The two fluxes are equal, so the chain satisfies detailed balance and is reversible with respect to \pi. By the Rung 3 theorem this simultaneously confirms that \pi is stationary.

Convergence rate. By Rung 4, \lVert\pi_t - \pi\rVert \le C\,|\lambda_2|^t = C \cdot 0.3^t. The large spectral gap \gamma = 0.7 implies very fast mixing: after only five steps,

0.3^5 = 0.00243 \approx 0.0024,

so the distribution is within roughly 0.24\% of stationary regardless of the starting state (up to the constant C depending on the starting distribution). Starting from \pi_0 = (1,\, 0) — the chain is known to be in state 1 — the first two steps are

\pi_1 = \pi_0 P = (0.7,\ 0.3), \qquad \pi_2 = \pi_1 P = (0.61,\ 0.39),

and already after two steps the distribution (0.61, 0.39) closely approximates the stationary (0.5714, 0.4286).
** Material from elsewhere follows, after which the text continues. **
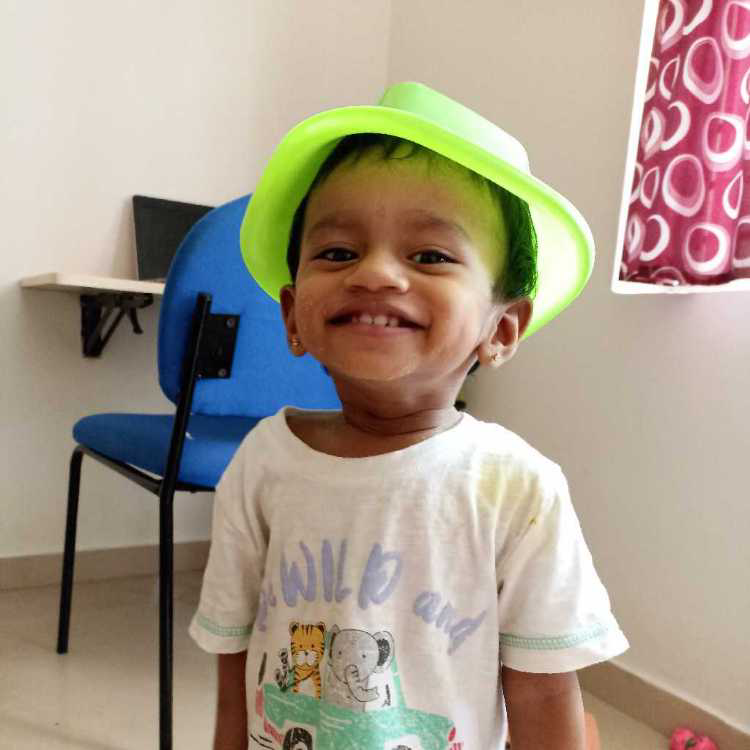 profile image of Nandhini Karthikeyan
Interpretation. This toy chain mixes almost instantly because |\lambda_2| = 0.3 is far below 1. Real MCMC samplers struggle in the opposite regime: when |\lambda_2| approaches 1 the spectral gap \gamma shrinks toward 0, the convergence bound C \cdot |\lambda_2|^t decays only slowly for any practical t, and the mixing time t_{\mathrm{mix}}(\varepsilon) \sim \log(1/\varepsilon)/\gamma grows without bound. Long autocorrelations, poor \hat{R} values, and sluggish trace plots are the chain’s signal that its spectral gap is too small for the run length attempted — the precise regime that Chapters 10 and 11 address.

8.4 Code Tie-in

The cell below translates the chapter’s six rungs into five concrete experiments, each runnable in sequence on the same seeded state. The first mirrors the Worked-Example attribution calculation in code: it assembles the 5-state customer-journey chain, extracts the transient block Q and the absorbing block R, inverts (I - Q) to obtain the fundamental matrix N, and computes the baseline conversion B_{0,0} = (NR)_{\text{Start, Convert}}; a removal_effect helper then re-routes the deleted channel’s probability mass to Null, recomputes the reduced chain’s absorption matrix, and returns the fractional drop in conversion. The second verifies the stationary distribution \pi two ways — as the normalized left eigenvector of P for eigenvalue 1 (via np.linalg.eig(P.T)) and as the fixed point of power iteration \pi_{t+1} = \pi_t P from a uniform start — and asserts they agree to machine precision. The third plots the total-variation distance \|\pi_t - \pi\|_1 on a log-y axis against t for three starting distributions, overlays the theoretical curve d_0\,|\lambda_2|^t with |\lambda_2| = 0.3, and fits the empirical log-linear slope via np.polyfit to confirm it matches \log|\lambda_2|. The fourth simulates a single trajectory of length 200,000 and plots the running average of \mathbf{1}[X_t = 0] converging to \mathbb{E}_\pi[f] = \pi_0, the ergodic theorem made visible. The fifth previews the Metropolis algorithm: it proposes a uniformly random other state, accepts with probability \min(1, w_j/w_i) — the normalizing constant of p^\star cancels in the ratio, so only the unnormalized weights w are needed — and runs 200{,}000 steps, asserting that the empirical visit frequencies match p^\star to within 0.01.

import numpy as np
import matplotlib.pyplot as plt
from numpy.linalg import inv, eig, matrix_power

rng = np.random.default_rng(0)

# ====================================================================
# Part 1 — Customer-journey chain: fundamental matrix + removal effects
# ====================================================================

# Transient states: Start(0), Display(1), Search(2)
# Absorbing states: Convert(col 0), Null(col 1)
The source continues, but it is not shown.